4 Replies to “The London Times on Dawkins: Darwinism is magic, and children know it! Do the riots follow automatically?

  1. 1
    David W. Gibson says:

    It’s also cause for disbelief, if evidence for undirected creation is lacking.

    This is an excellent objection. Evidence is what science rests on, and conclusions not based on evidence are unsupportable in science. (Outside of science, other decision criteria may be more useful).

    Starting at the beginning, then, what WOULD be evidence for “undirected creation”? What would it look like? How would we know it if we see it? What seems to be lacking here is an operational definition, sufficiently clear and agreed on before hand, so that the results of any relevant research would be unambiguous according to that definition.

  2. 2
    tjguy says:

    Well David, I think we can certainly say that thousands of optimally designed nanotech machines, codes, specified information, fine tuned laws of nature that allow life to exist, chirality, self-consciousness, irreducibly complex systems, etc. would NOT be part of what would be expected.

    It seems to me we can approach it in the opposite fashion as well. If we keep find what we would not expect to find, then the theory would be in trouble. Darwin himself helps to answer your question.

    He said that he would expect to find many many transitional forms in the fossil records. The fossil record did not give support to his theory at that time. What he expected never came to pass. The fossil record still is full of gaps and transitional forms are few – if any – and far between.

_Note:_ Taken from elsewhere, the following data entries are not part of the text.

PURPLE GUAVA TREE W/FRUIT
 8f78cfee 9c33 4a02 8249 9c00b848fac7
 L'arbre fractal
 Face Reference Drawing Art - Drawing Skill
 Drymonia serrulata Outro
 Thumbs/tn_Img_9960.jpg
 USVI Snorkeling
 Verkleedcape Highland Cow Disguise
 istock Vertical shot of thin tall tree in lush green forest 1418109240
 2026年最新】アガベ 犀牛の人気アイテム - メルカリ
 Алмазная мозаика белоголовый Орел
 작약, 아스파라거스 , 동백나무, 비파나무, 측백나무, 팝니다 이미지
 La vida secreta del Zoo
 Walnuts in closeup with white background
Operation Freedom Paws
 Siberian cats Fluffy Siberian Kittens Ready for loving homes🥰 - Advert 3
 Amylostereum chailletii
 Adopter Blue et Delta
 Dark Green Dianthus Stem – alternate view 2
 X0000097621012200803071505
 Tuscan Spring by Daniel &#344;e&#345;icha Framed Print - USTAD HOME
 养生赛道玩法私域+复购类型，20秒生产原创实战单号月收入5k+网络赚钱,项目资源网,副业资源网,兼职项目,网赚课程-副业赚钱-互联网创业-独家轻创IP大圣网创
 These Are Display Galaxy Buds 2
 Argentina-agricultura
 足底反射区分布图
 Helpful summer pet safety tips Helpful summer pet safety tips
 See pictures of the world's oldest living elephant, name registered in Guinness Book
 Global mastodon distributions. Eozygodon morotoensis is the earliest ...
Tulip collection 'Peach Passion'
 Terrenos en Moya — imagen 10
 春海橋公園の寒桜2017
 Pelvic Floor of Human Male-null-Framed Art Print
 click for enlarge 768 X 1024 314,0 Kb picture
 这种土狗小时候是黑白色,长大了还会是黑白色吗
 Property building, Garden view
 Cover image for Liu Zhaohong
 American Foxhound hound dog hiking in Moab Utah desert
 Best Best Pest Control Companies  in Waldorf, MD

    He said that if an irreducibly complex system were found, it would invalidate his theory. Meaning, he didn’t expect them to exist. Science has shown us that these are numerous, thus invalidating his theory.

    Darwin expected the cell to be a simple blob of whatever. He was wrong. It was more complex by levels of magnitude than he could ever imagine. Again, what Darwin expected, turned out to be wrong.

    How can a theory based on all these untruths have any merit? If Darwin knew back then what we know today – irreducibly complex systems abound, the cell is unbelievably complex, the fossil record still abounds with gaps, there is volumes and volumes of specified information encoded in the cell, etc., does anyone actually think he would have had the faith to believe in his own ideas?

    I don’t.

  3. 3
    bornagain77 says:

    tjguy, very interesting insight, and very well put!

  4. 4
    William J Murray says:

    It is amusing that Dawkins rants, raves and rails so hard against what is, in his perspective, nothing more than an evolutionary feature – religious belief.

    It’s exactly like a pecan tree that comes to believe that walnut trees are a harmful aberration to treedom, and that they must all be weeded out …. as if his own conviction is not the fundamental equivalent of the very thing he wants to wipe out.

    Dawkins is like a dog barking that the sounds other barking dogs make is “wrong”. If religious belief is just something evolution produced, how can it be “wrong”?

    Since ideological beliefs would be nothing more than an evolved, physical feature, aren’t Dawkins’ attacks on religious beliefs no different (under Darwinism) from attacks on people because of their skin color or ethnicity?

    Wouldn’t the act of calling a religious belief “wrong” or “evil” be, essentially, the same as saying that the color of one’s skin is evil or wrong?